(DATA PROVIDED Opens)

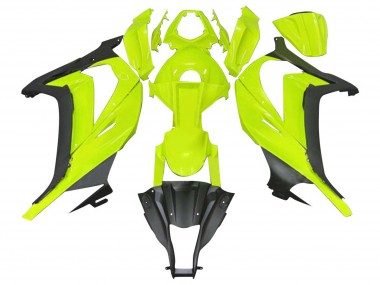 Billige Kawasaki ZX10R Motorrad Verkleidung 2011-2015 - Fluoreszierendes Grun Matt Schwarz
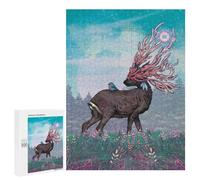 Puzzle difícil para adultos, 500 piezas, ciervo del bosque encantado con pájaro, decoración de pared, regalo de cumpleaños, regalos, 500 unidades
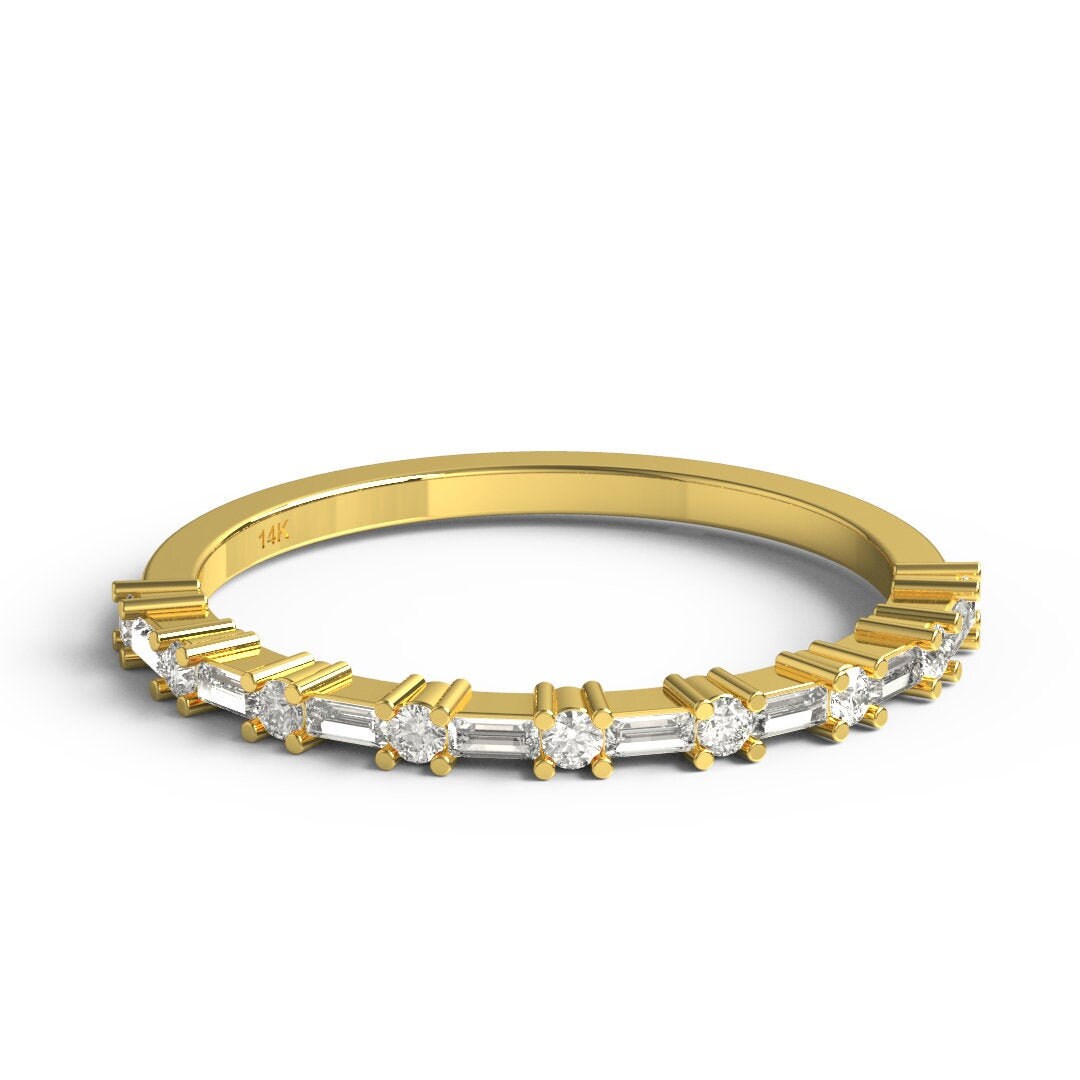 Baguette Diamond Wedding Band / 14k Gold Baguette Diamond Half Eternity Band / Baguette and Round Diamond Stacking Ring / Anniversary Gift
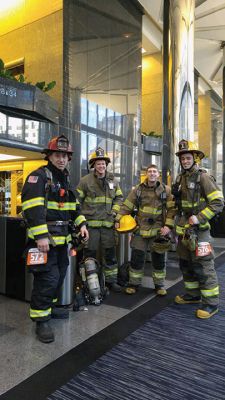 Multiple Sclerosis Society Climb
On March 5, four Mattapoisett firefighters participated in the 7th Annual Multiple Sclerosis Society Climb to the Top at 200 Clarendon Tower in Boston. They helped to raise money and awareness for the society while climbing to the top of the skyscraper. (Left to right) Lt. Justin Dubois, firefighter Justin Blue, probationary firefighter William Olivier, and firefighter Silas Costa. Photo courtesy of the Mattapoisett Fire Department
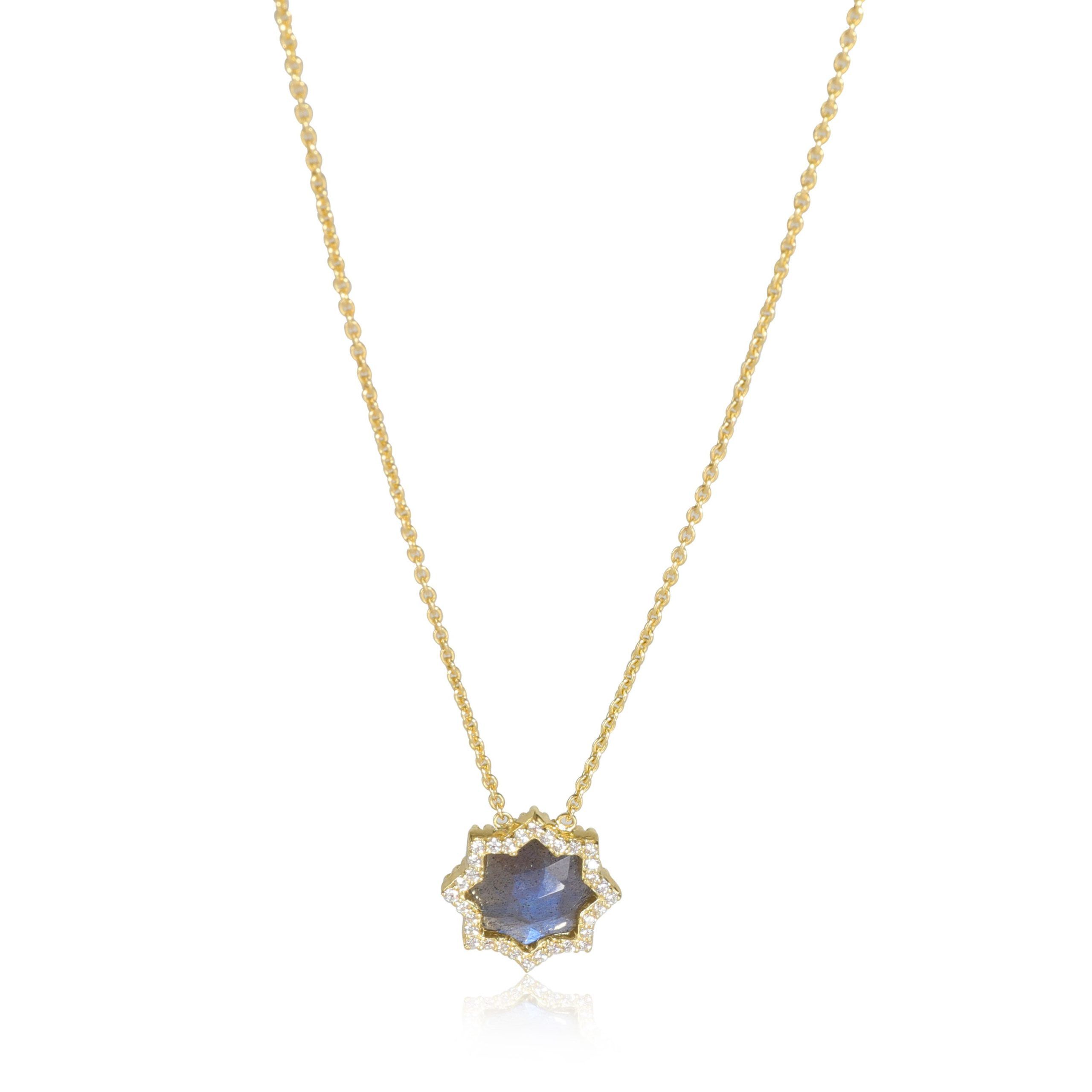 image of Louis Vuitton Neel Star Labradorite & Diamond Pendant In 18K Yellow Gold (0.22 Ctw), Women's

(DATA PROVIDED Closes)
(DATA PROVIDED Opens)

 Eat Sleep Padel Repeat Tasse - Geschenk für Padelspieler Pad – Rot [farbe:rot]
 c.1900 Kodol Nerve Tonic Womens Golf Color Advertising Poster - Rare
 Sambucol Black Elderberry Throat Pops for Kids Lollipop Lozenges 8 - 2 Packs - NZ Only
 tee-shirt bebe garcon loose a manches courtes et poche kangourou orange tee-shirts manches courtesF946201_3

(DATA PROVIDED Closes)

**PROBLEM DETAILS**
Which part of the entries opens with the line containing "Billige Kawasaki ZX10R" and closes with the line containing "image of Louis"? Output that part exactly, ends included, pictures excluded.

**EXPECTED ANSWER**
 Billige Kawasaki ZX10R Motorrad Verkleidung 2011-2015 - Fluoreszierendes Grun Matt Schwarz
 Puzzle difícil para adultos, 500 piezas, ciervo del bosque encantado con pájaro, decoración de pared, regalo de cumpleaños, regalos, 500 unidades
 Baguette Diamond Wedding Band / 14k Gold Baguette Diamond Half Eternity Band / Baguette and Round Diamond Stacking Ring / Anniversary Gift
 Multiple Sclerosis Society Climb
On March 5, four Mattapoisett firefighters participated in the 7th Annual Multiple Sclerosis Society Climb to the Top at 200 Clarendon Tower in Boston. They helped to raise money and awareness for the society while climbing to the top of the skyscraper. (Left to right) Lt. Justin Dubois, firefighter Justin Blue, probationary firefighter William Olivier, and firefighter Silas Costa. Photo courtesy of the Mattapoisett Fire Department
 image of Louis Vuitton Neel Star Labradorite & Diamond Pendant In 18K Yellow Gold (0.22 Ctw), Women's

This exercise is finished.